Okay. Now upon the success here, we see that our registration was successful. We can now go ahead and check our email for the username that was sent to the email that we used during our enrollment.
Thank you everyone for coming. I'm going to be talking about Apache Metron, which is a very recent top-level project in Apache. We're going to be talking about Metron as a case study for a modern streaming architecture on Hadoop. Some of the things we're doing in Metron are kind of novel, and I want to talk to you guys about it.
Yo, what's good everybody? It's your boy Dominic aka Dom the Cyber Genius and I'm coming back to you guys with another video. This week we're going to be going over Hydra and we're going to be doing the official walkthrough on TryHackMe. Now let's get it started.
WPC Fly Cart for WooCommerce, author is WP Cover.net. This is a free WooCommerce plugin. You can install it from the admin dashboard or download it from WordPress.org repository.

◇ ◇ ◇ ◇ ◇ ◇ ◇

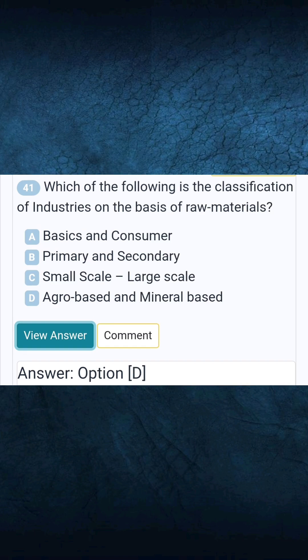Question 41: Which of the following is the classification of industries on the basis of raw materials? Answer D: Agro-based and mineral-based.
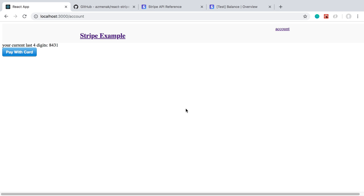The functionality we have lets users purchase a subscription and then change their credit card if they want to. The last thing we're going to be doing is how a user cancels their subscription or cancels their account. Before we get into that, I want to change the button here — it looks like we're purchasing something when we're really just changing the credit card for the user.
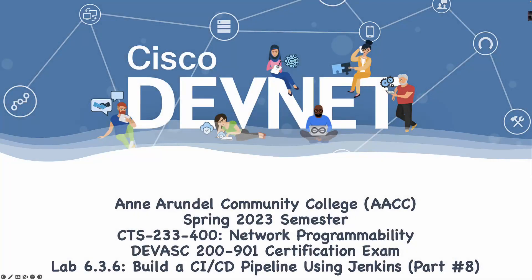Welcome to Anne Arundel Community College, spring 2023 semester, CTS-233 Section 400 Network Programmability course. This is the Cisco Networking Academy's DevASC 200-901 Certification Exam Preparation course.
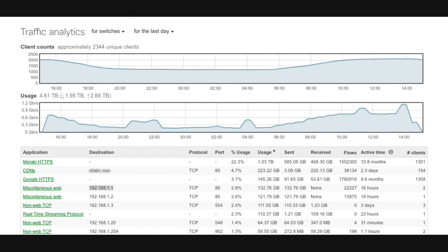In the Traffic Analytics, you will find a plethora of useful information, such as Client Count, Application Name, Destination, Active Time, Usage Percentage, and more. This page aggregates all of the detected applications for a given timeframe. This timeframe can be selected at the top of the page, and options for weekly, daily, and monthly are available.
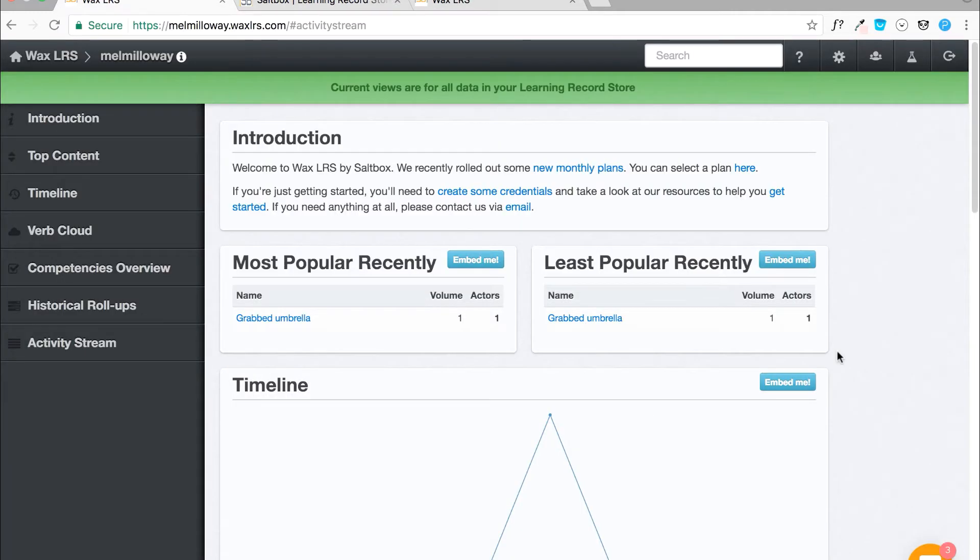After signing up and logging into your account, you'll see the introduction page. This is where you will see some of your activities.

◇ ◇ ◇ ◇ ◇ ◇ ◇

The answer consists of every line above in which the word "guys" occurs.

Thank you everyone for coming. I'm going to be talking about Apache Metron, which is a very recent top-level project in Apache. We're going to be talking about Metron as a case study for a modern streaming architecture on Hadoop. Some of the things we're doing in Metron are kind of novel, and I want to talk to you guys about it.
Yo, what's good everybody? It's your boy Dominic aka Dom the Cyber Genius and I'm coming back to you guys with another video. This week we're going to be going over Hydra and we're going to be doing the official walkthrough on TryHackMe. Now let's get it started.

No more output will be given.